BEGIN MATERIAL SHOWN

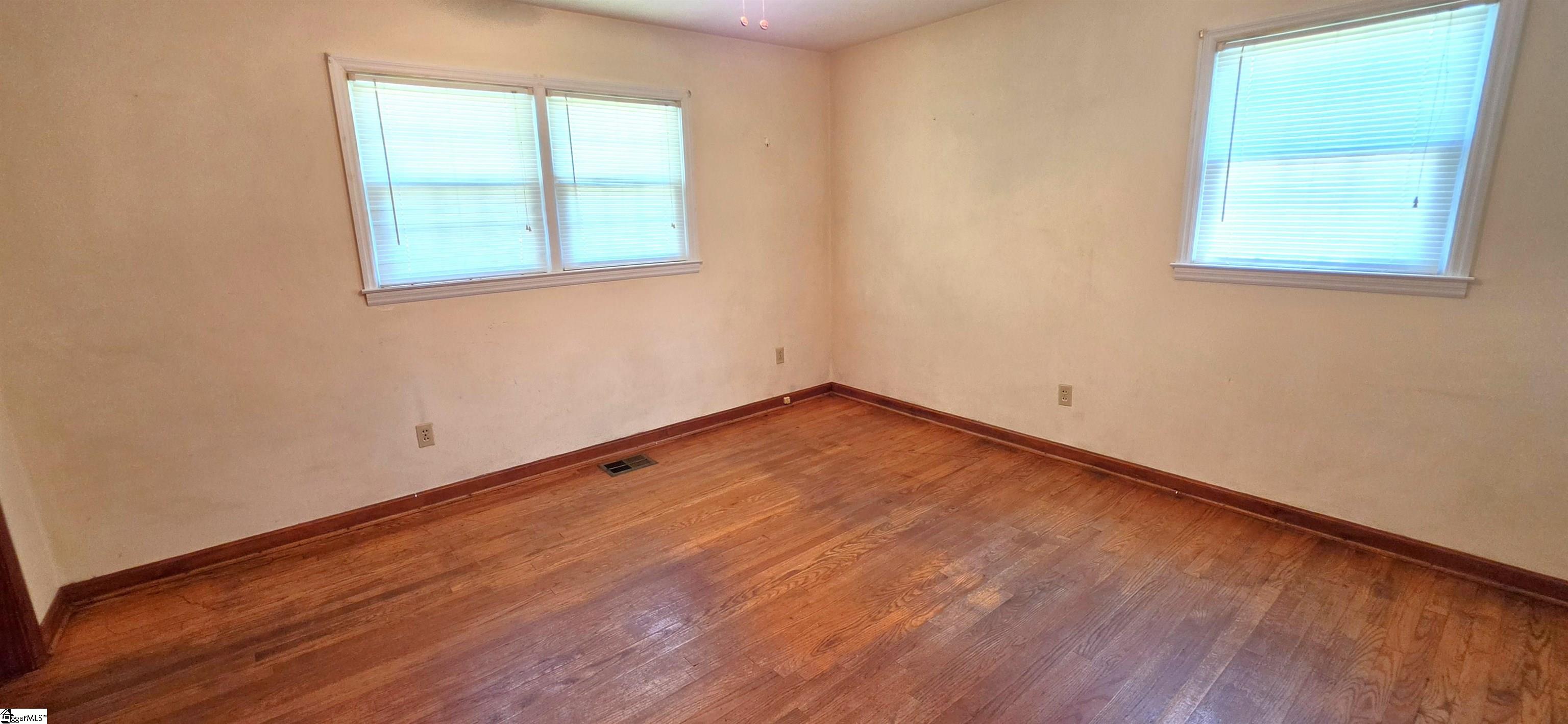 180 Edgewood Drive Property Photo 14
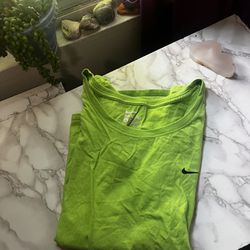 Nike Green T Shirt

END MATERIAL SHOWN
BEGIN MATERIAL SHOWN

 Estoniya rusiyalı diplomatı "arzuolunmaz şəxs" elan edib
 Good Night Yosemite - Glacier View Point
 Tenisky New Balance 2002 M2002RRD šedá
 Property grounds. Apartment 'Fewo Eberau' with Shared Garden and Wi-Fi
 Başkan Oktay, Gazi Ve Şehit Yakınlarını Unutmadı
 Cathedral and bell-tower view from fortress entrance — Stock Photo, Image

END MATERIAL SHOWN
BEGIN MATERIAL SHOWN

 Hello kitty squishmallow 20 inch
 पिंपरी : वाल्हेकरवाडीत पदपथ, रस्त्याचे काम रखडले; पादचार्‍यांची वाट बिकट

END MATERIAL SHOWN

• [WORK INSTRUCTIONS]:
Output exactly one stretch of the listing: from the line containing "Property grounds. Apartment" through the line containing "Cathedral and bell-tower", both end lines included.

• [ANSWER BELOW]:
 Property grounds. Apartment 'Fewo Eberau' with Shared Garden and Wi-Fi
 Başkan Oktay, Gazi Ve Şehit Yakınlarını Unutmadı
 Cathedral and bell-tower view from fortress entrance — Stock Photo, Image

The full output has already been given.